----- THE DATA -----

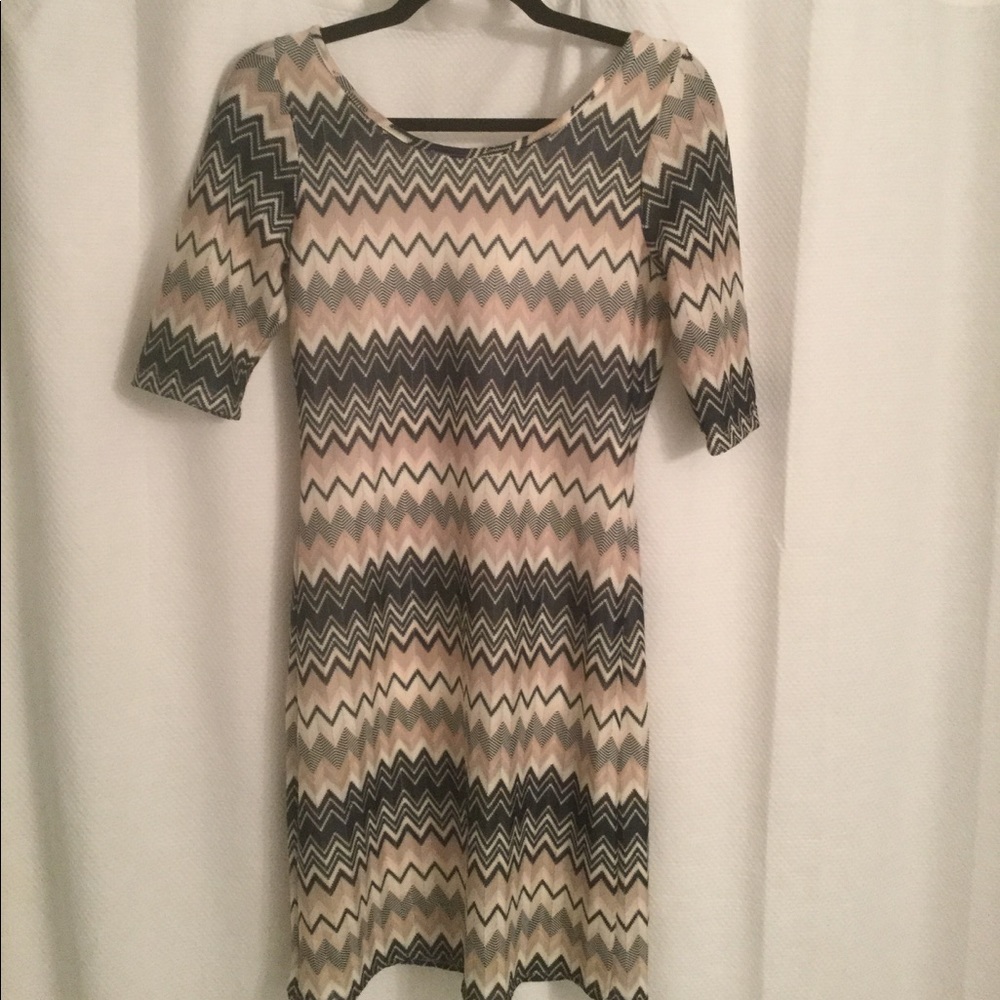 Velvet Torch bodycon party dress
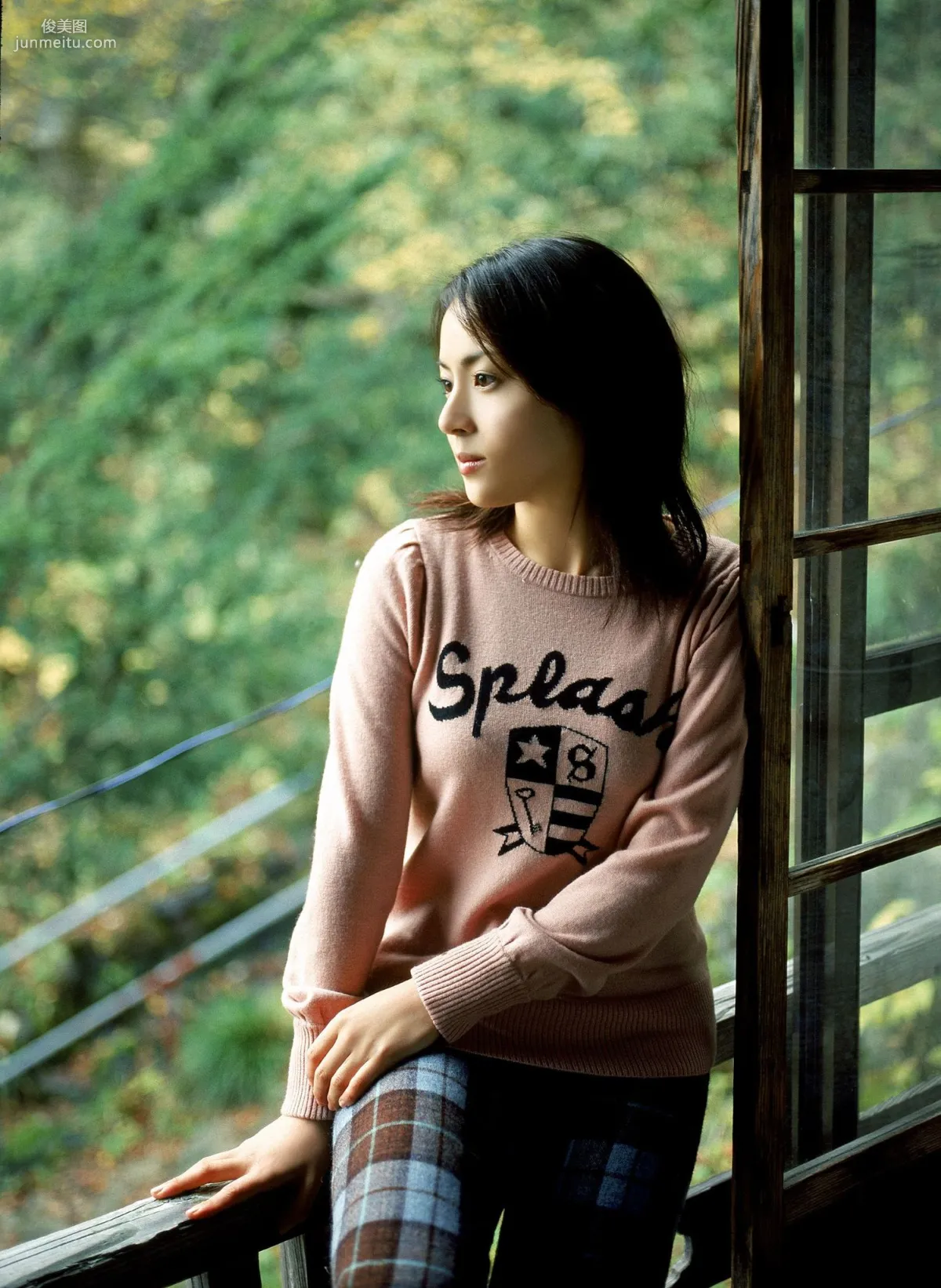 [NS Eyes] SF-No.196 Akiko Kinouchi 木内晶子 写真集70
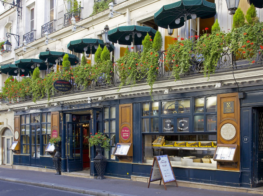 Le Procope: A Slice of History at the Oldest Café...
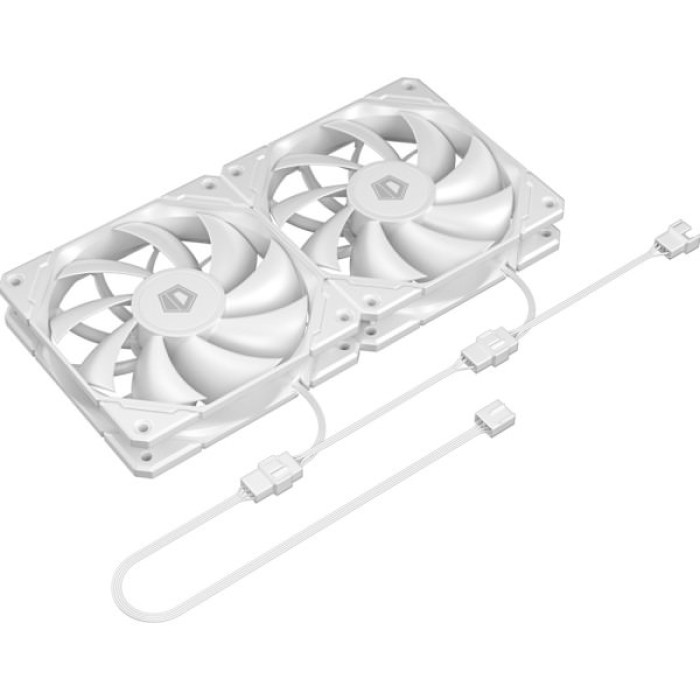 Система рідинного охолодження ID-Cooling FX240 Pro White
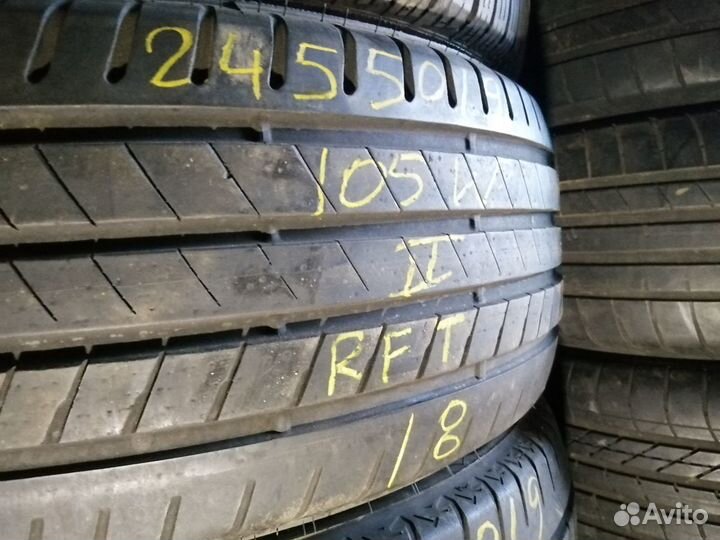 Bridgestone Alenza 001 245/50 R19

-----

The answer is the full listing above, reproduced character for character, minus its images.

 Velvet Torch bodycon party dress
 [NS Eyes] SF-No.196 Akiko Kinouchi 木内晶子 写真集70
 Le Procope: A Slice of History at the Oldest Café...
 Система рідинного охолодження ID-Cooling FX240 Pro White
 Bridgestone Alenza 001 245/50 R19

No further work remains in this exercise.